*RECORDS TO PROCESS*.
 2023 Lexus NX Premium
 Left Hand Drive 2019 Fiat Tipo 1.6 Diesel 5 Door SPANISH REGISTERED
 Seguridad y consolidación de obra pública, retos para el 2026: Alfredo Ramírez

* * *

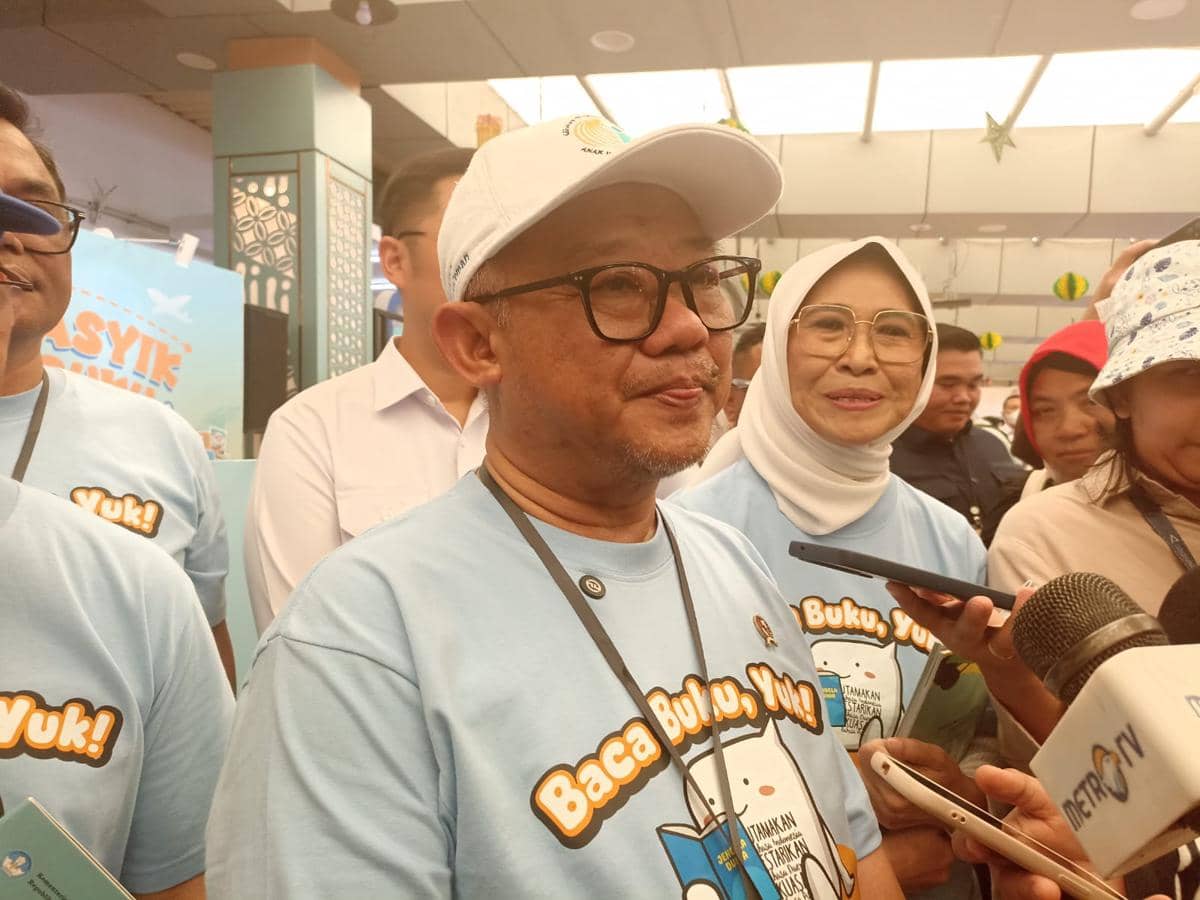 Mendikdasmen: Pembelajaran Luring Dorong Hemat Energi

*ABOUT THIS EXERCISE*. One stretch of the lines above is wanted, from the line that contains "2023 Lexus NX Premium" through the line that contains "Seguridad y consolidación". Output it exactly.

*ANSWER AREA*.
 2023 Lexus NX Premium
 Left Hand Drive 2019 Fiat Tipo 1.6 Diesel 5 Door SPANISH REGISTERED
 Seguridad y consolidación de obra pública, retos para el 2026: Alfredo Ramírez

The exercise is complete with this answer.